Boot times do look impressive at first glance with one caveat though, windows logo to desktop isn't the entire windows boot sequence. Even if we do give it a more realistic 9 out of 45 seconds, 20% isn't so impressive on an already bloat free installation. As time continues and bloat increases it will seem to fade into nothingness and become unnoticeable. The 75% figures being touted are due mainly to the effect of a clean install. So as I said before because MS has been moving loads away from boot time to more just in time loading it's going to show up somewhere else.

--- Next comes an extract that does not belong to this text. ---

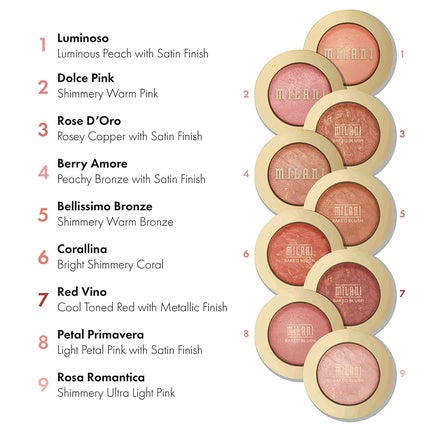 Milani Baked Blush Dolce Pink 1 Stück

Windows 8 is faster on paper but overall only about 1-2% which nobody will notice. I wonder what effect virtual memory management is having. MS has the fugly habit of preemptively offloading memory into pagefile so slowing down performance. Since enabling it for memory requirements some of my applications actually stop working for a few seconds.
 
Windows 8 is faster on paper but overall only about 1-2% which nobody will notice.
Not what I'm experiencing on my MacBook Air (only comes with SSD). Win8.1 boots in half half the time of Win7 when factoring out the Boot Camp vBIOS load time (doesn't support UEFI installation yet). Coincidentally the 13 sec Win8.1 load time matches OSX ML 10.8.4 almost exactly (which does UEFI boot).

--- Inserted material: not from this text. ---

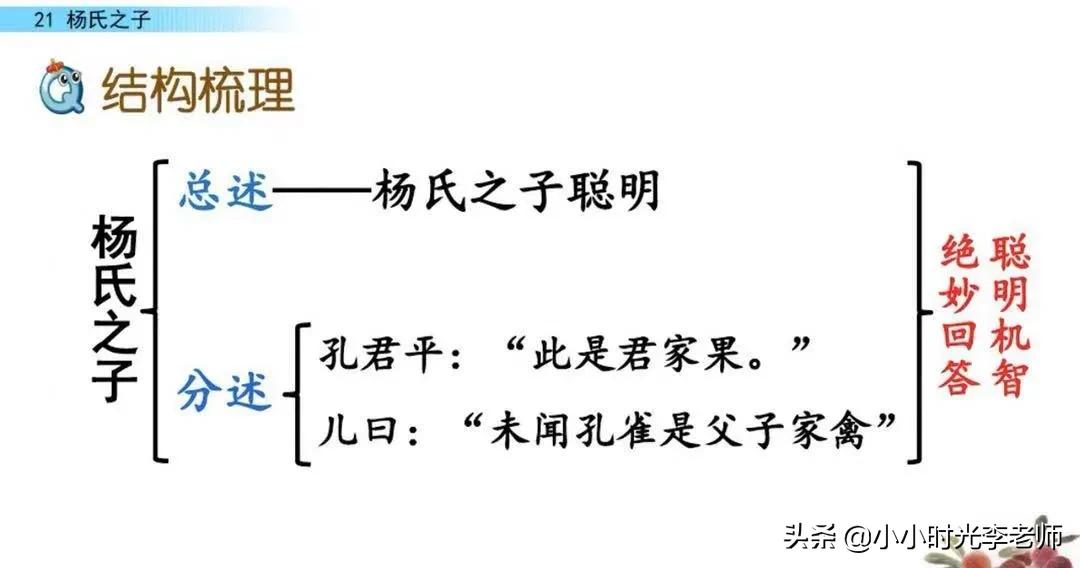 小学文言文必学积累共26篇,小学必背文言文杨氏之子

As time continues and bloat increases it will seem to fade into nothingness and become unnoticeable.
The concept of this mythical bloatware only applies to those who don't understand what is happening in their OS's startup sequence. On that subject, Win8.x's enhanced Task Mgr gives one a nice view of their user level startup modules ...

W8.1-startup.png
 
I would say Windows 8 takes longer to shut down, Windows 7 is instant.

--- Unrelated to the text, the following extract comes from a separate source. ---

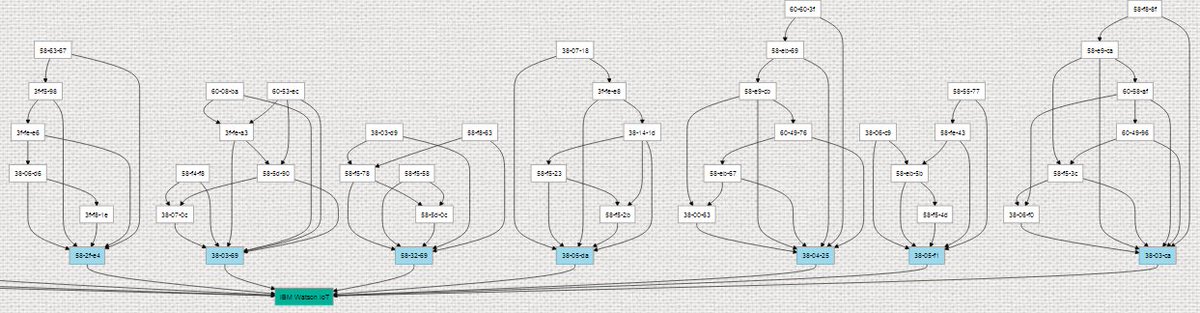 Thomas Watteyne (@thomaswatteyne) on Twitter photo #SmartMesh SDK 1.1.2.4 just released! 54 sample apps, including visualizing your network with literally ZERO configuration. Oh, my! bit.ly/2m0Ke8W <a href="/ADI_News/">Analog Devices, Inc.</a> #IoT #SmartMesh SDK 1.1.2.4 just released! 54 sample apps, including visualizing your network with literally ZERO configuration. Oh, my! bit.ly/2m0Ke8W <a href="/ADI_News/">Analog Devices, Inc.</a> #IoT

By default Win8 is configured to hibernate/suspend to disk so it never shuts down, this takes longer but it also increases the boot time once you start it up again.
 
this takes longer but it also increases the boot time once you start it up again.
Yeah, regular shutdown/bootup is much faster than hibernate (save/load memory contents). Thus I've configured my MBA to only hibernate on Critical battery level.
 
I personally would go for Win 7, Win 8 for me was hate at first sight, I didnt like it at all.
 
Not what I'm experiencing on my MacBook Air (only comes with SSD). Win8.1 boots in half half the time of Win7 when factoring out the Boot Camp vBIOS load time (doesn't support UEFI installation yet). Coincidentally the 13 sec Win8.1 load time matches OSX ML 10.8.4 almost exactly (which does UEFI boot).
Exactly what I said. A few seconds off from a few seconds will seem like a lot but will fade with time. There is also no factoring out of anything. If you want a fair comparison you have to compare from the boot sector load.

The concept of this mythical bloatware only applies to those who don't understand what is happening in their OS's startup sequence. On that subject, Win8.x's enhanced Task Mgr gives one a nice view of their user level startup modules ...
There's nothing mythical about bloat. How many people actually knows how to use taskmgr? Even if you do I don't buy the "knowing how to maintain a system" argument. Windows is not designed to be easily maintainable. Things get uninstalled with bits being left behind. The only way you're not going to see bloat is to just install your standard set of programs and not trying out anything else ever.
 
There is also no factoring out of anything. If you want a fair comparison you have to compare from the boot sector load.
Same applies for Win7 or Win8.x on a MacBook, both (currently) require the VBIOS, only OSX can do UEFI boot. Hopefully with the launch of OSX Mavericks, Apple will officially support UEFI installs of Win8.1 (can supposed be hacked now).

Anyway the difference between the two Windows is still notable in my experience 15+26=41 sec for Win7 vs. 15+13=28sec for Win8.1.

There's nothing mythical about bloat.
Well, had Win7 64 on my MBA for a year & half. During that time I install/uninstalled a reasonable amount of sw (inc apps, utils, games etc.), along with the weekly Win/Office updates. I still managed to maintain roughly the same bootup times during the entire period, same goes for my older Dell E6400 laptop.